**EXERCISE PROMPT**
Please give back each line below unchanged; none of the pictures should appear.
......
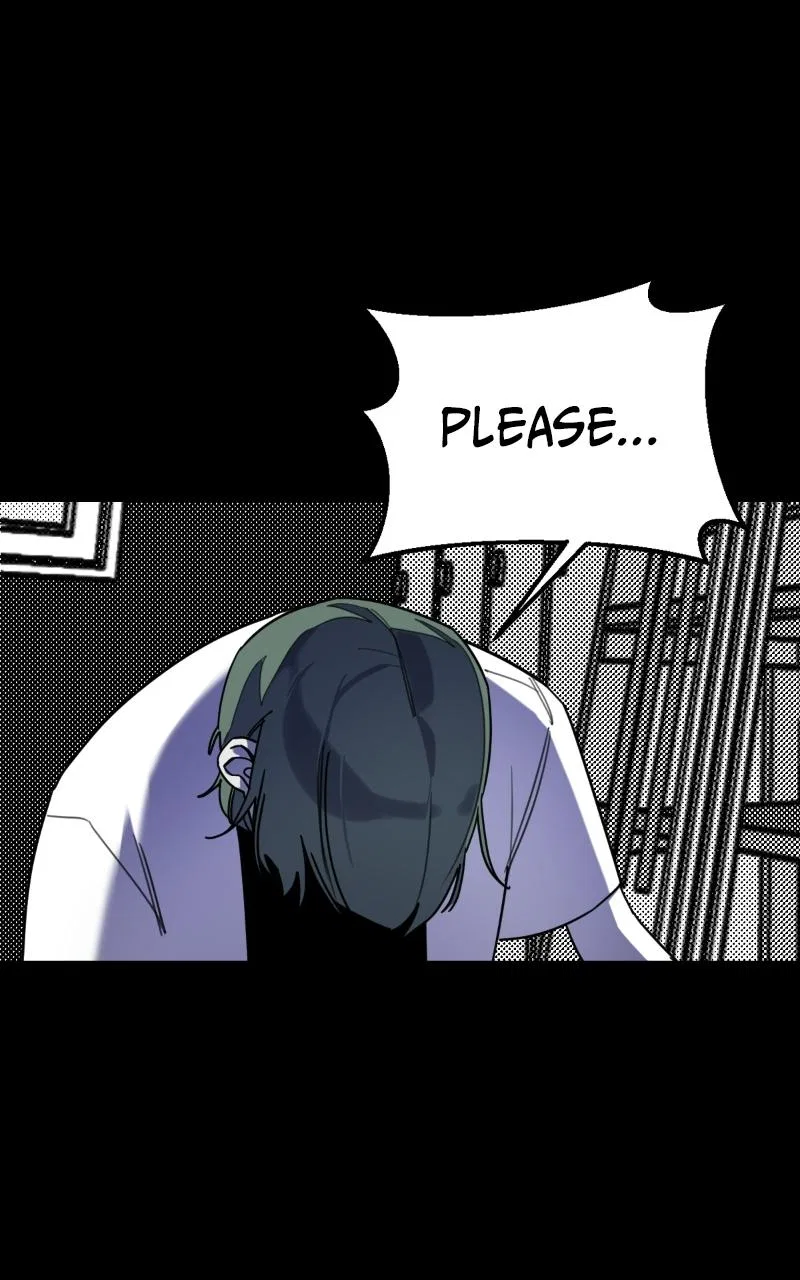 Youth Blossoms Chapter 4 – Page 64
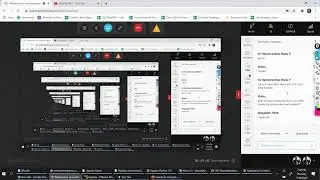 Tutorial on Apache Flume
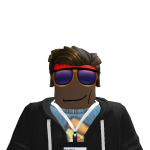 Burger_king5864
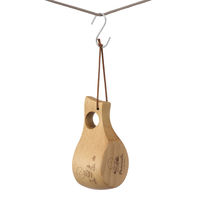 SNOOPY（PEANUTS 75years）ククサ 86001135 LOGOS/ロゴス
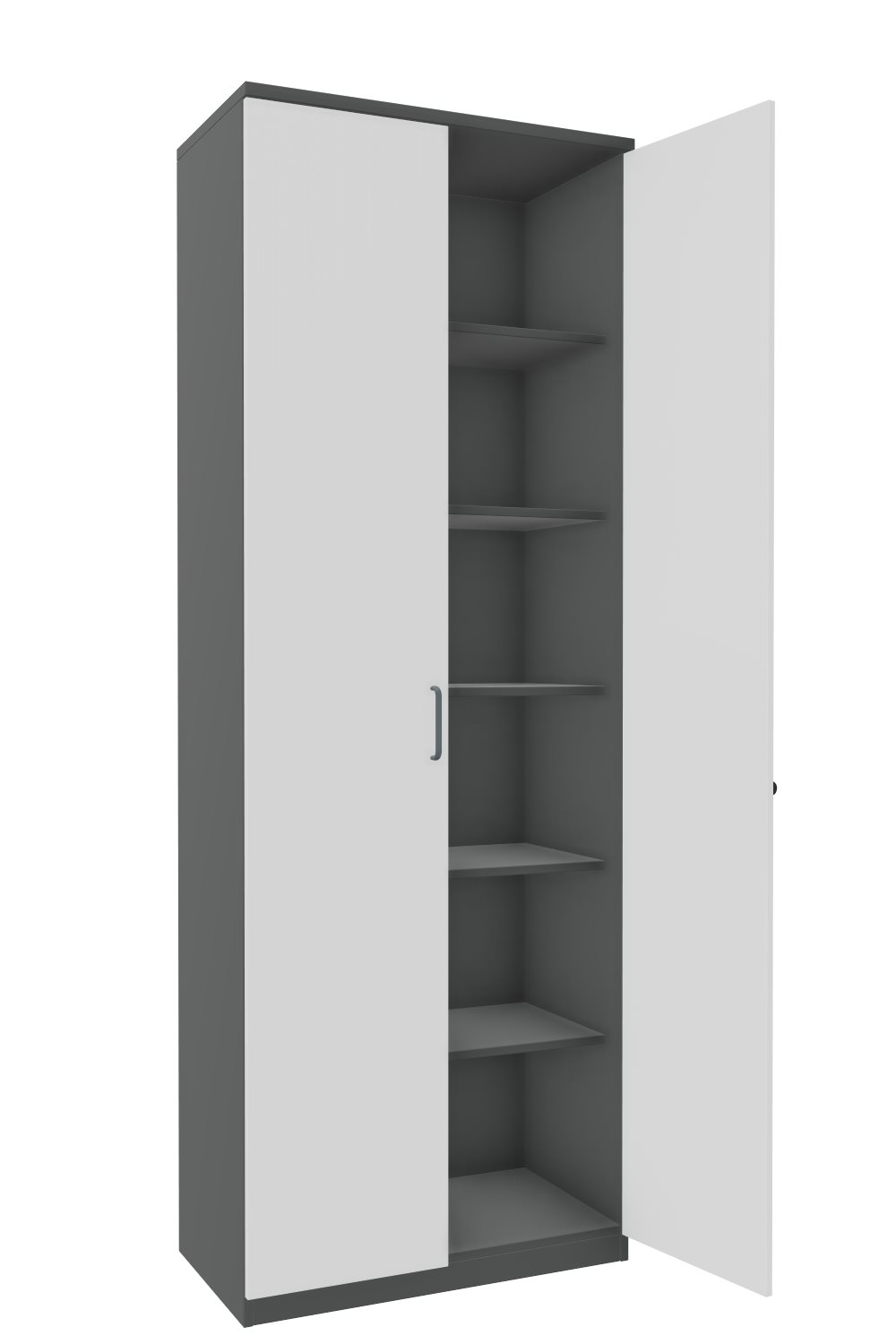 Tarragona Aktenschrank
......
**OUTPUT BELOW**
 Youth Blossoms Chapter 4 – Page 64
 Tutorial on Apache Flume
 Burger_king5864
 SNOOPY（PEANUTS 75years）ククサ 86001135 LOGOS/ロゴス
 Tarragona Aktenschrank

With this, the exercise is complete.